TASK DIRECTIONS: Transcribe the entries exactly as given and skip whatever images they hold.

DATA TO EXAMINE:
·····

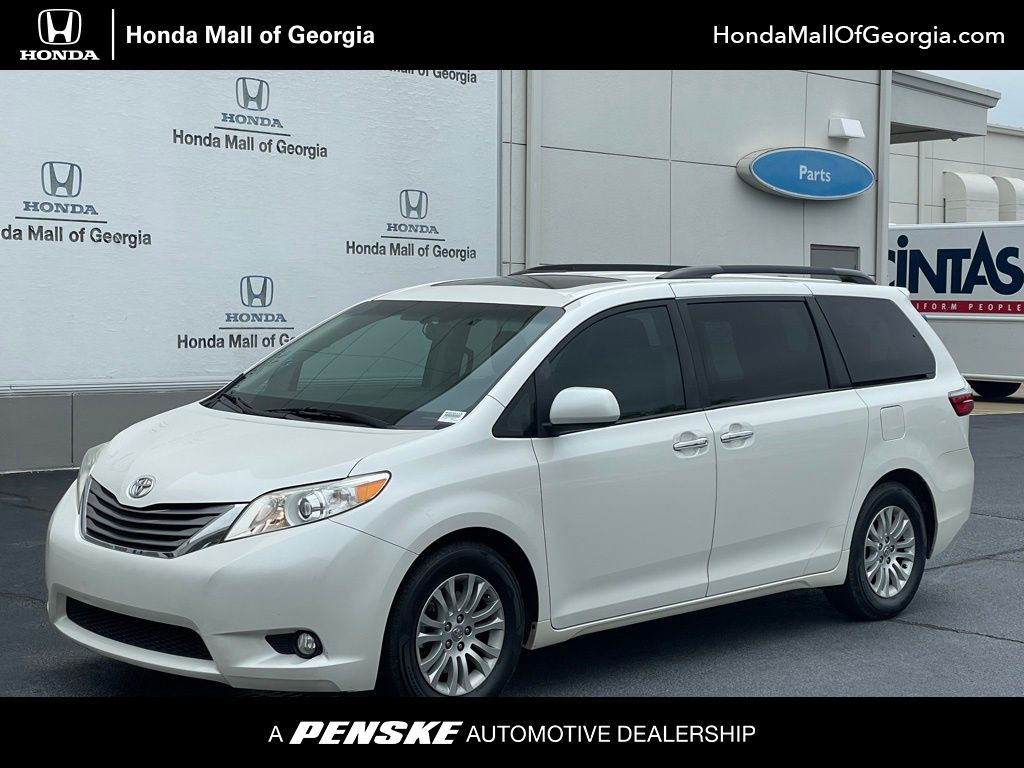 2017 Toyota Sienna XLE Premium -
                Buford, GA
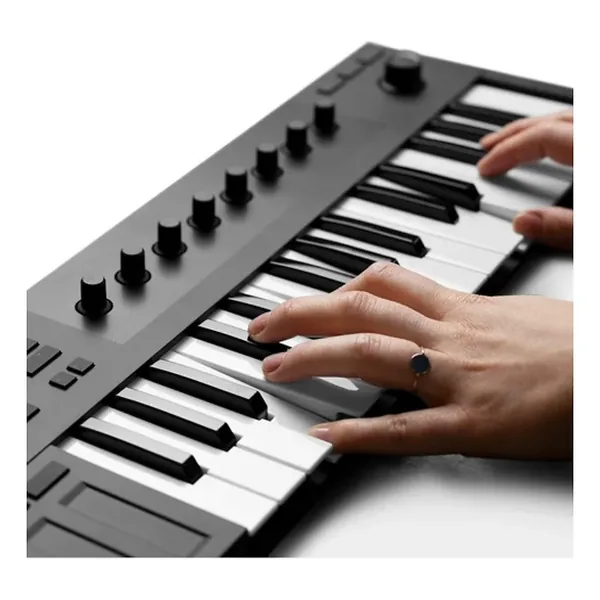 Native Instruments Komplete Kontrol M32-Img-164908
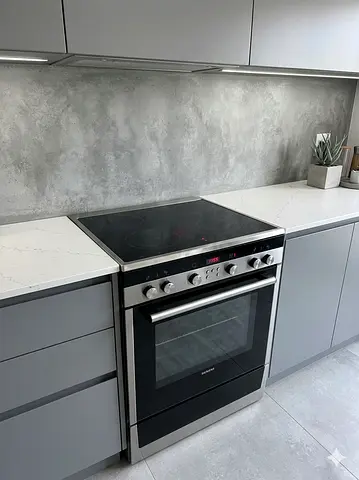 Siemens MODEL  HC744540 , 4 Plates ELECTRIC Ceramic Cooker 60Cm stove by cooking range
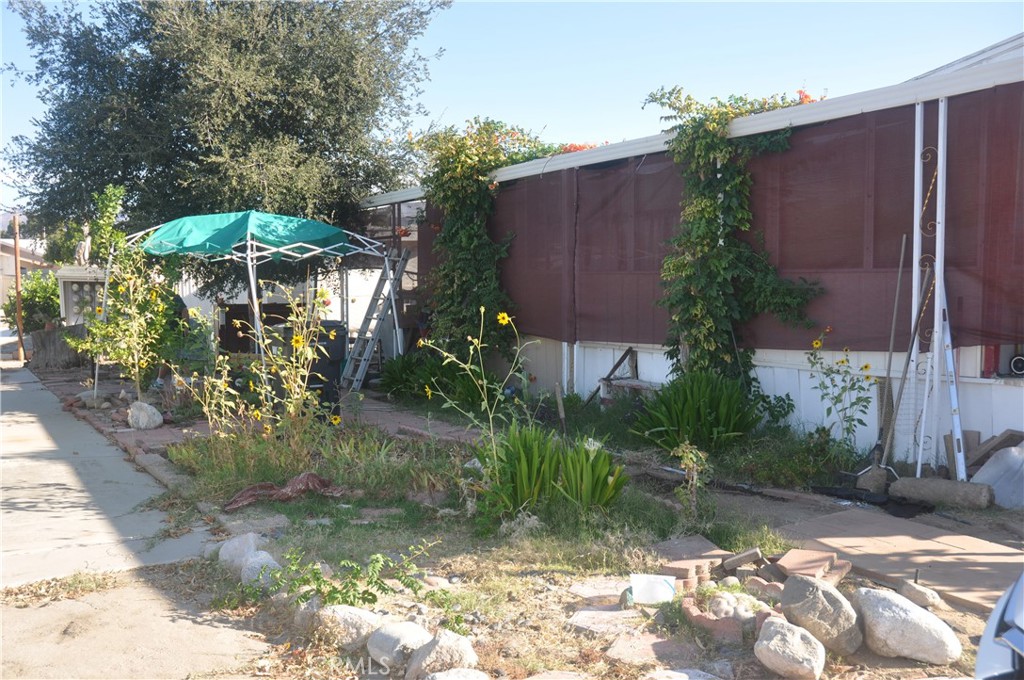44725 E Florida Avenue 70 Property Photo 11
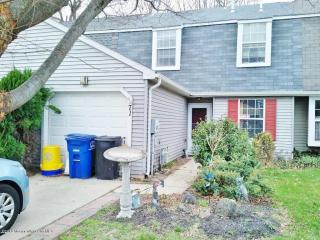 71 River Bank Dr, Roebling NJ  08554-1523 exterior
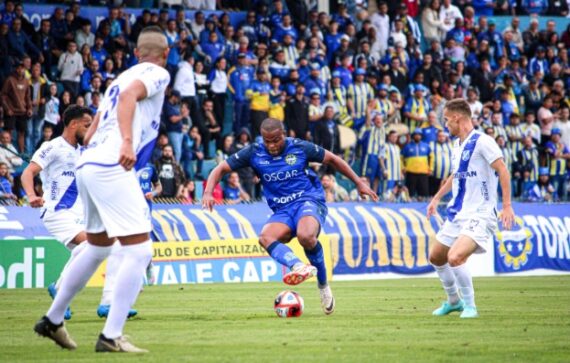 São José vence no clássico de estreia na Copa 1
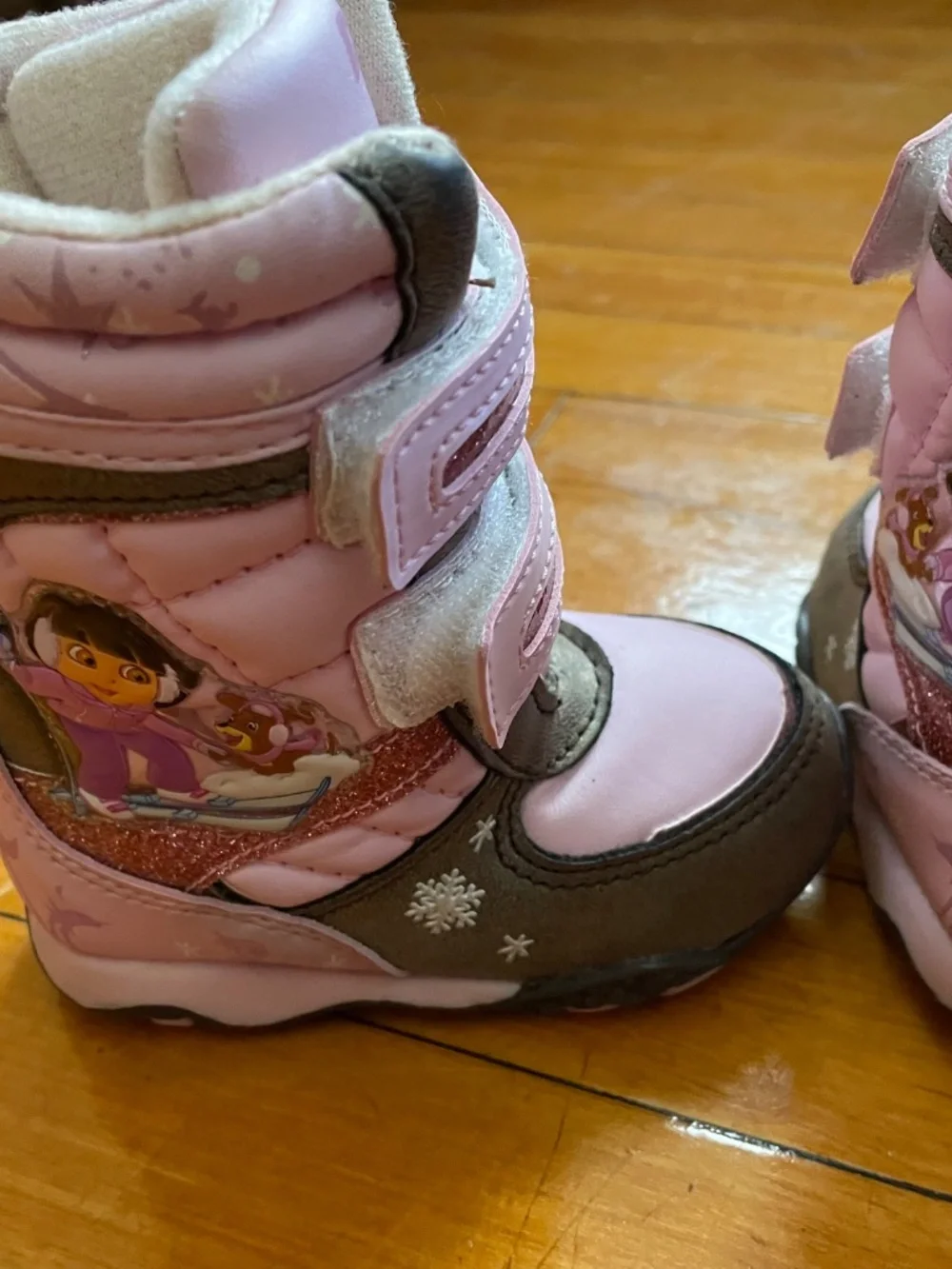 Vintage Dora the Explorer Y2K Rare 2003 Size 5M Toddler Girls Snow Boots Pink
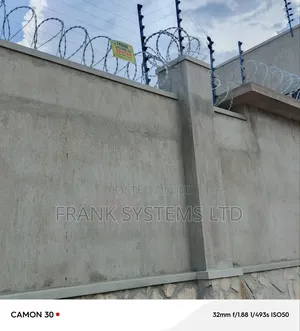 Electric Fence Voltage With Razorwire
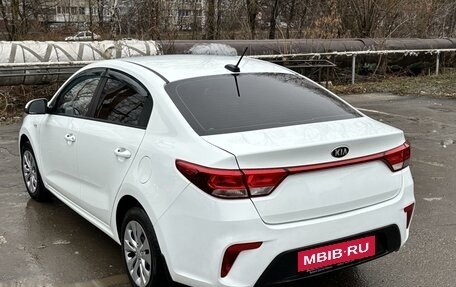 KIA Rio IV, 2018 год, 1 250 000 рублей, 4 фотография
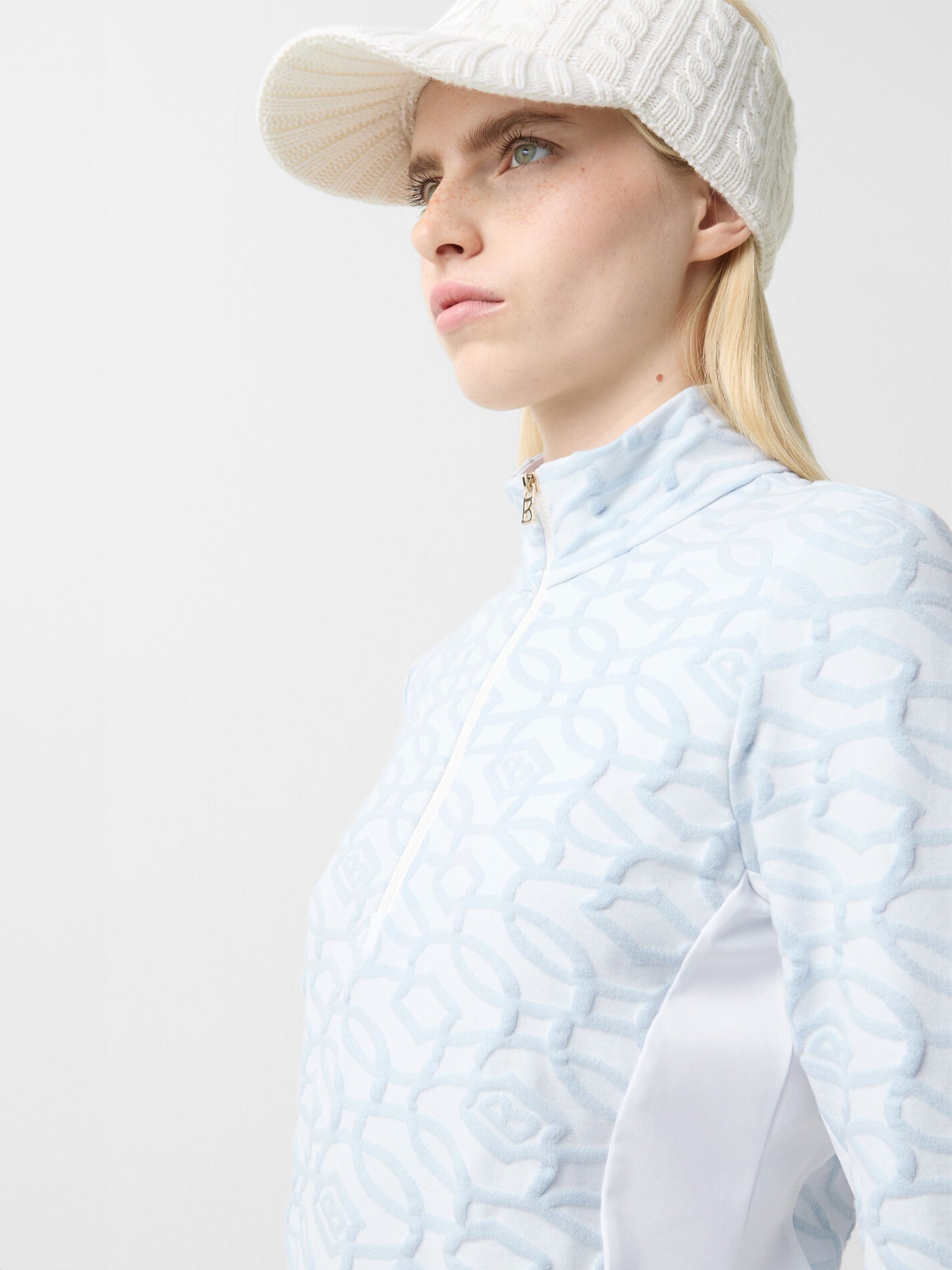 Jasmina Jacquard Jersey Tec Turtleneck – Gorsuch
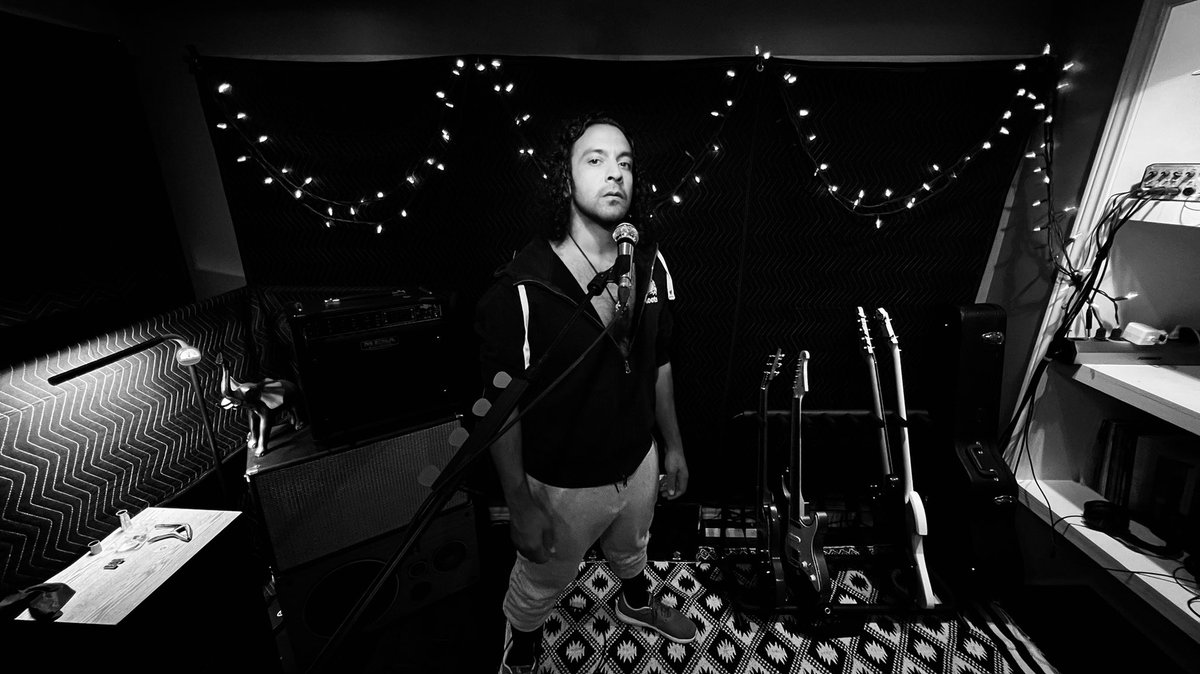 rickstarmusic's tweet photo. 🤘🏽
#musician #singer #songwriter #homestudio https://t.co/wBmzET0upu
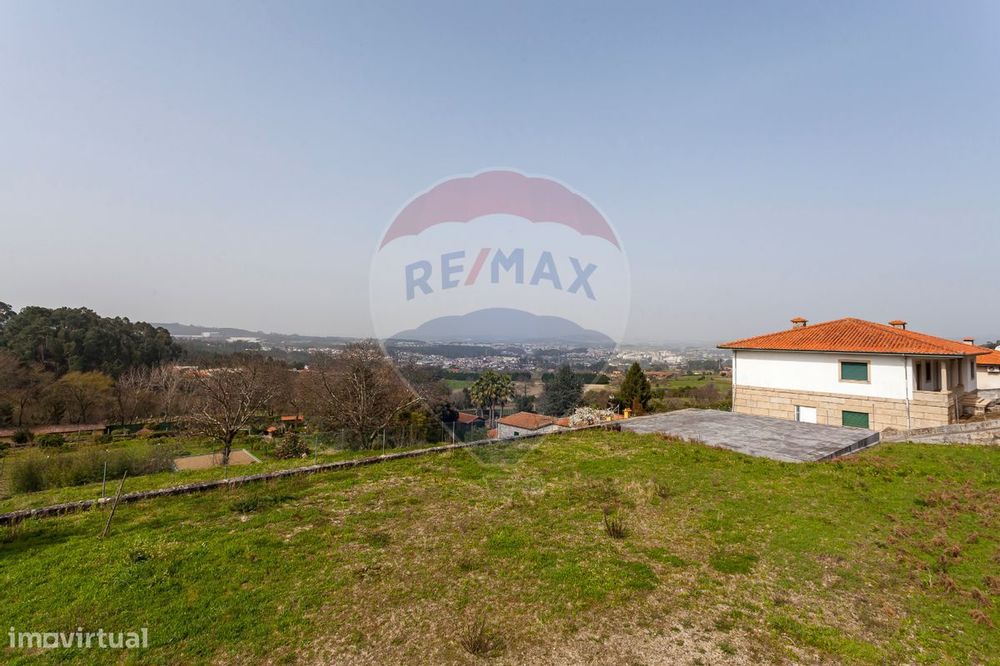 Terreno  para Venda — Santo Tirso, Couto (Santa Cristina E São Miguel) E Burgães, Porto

·····

EXERCISE ANSWER:
 2017 Toyota Sienna XLE Premium -
                Buford, GA
 Native Instruments Komplete Kontrol M32-Img-164908
 Siemens MODEL  HC744540 , 4 Plates ELECTRIC Ceramic Cooker 60Cm stove by cooking range
44725 E Florida Avenue 70 Property Photo 11
 71 River Bank Dr, Roebling NJ  08554-1523 exterior
 São José vence no clássico de estreia na Copa 1
 Vintage Dora the Explorer Y2K Rare 2003 Size 5M Toddler Girls Snow Boots Pink
 Electric Fence Voltage With Razorwire
 KIA Rio IV, 2018 год, 1 250 000 рублей, 4 фотография
 Jasmina Jacquard Jersey Tec Turtleneck – Gorsuch
 rickstarmusic's tweet photo. 🤘🏽
#musician #singer #songwriter #homestudio https://t.co/wBmzET0upu
 Terreno  para Venda — Santo Tirso, Couto (Santa Cristina E São Miguel) E Burgães, Porto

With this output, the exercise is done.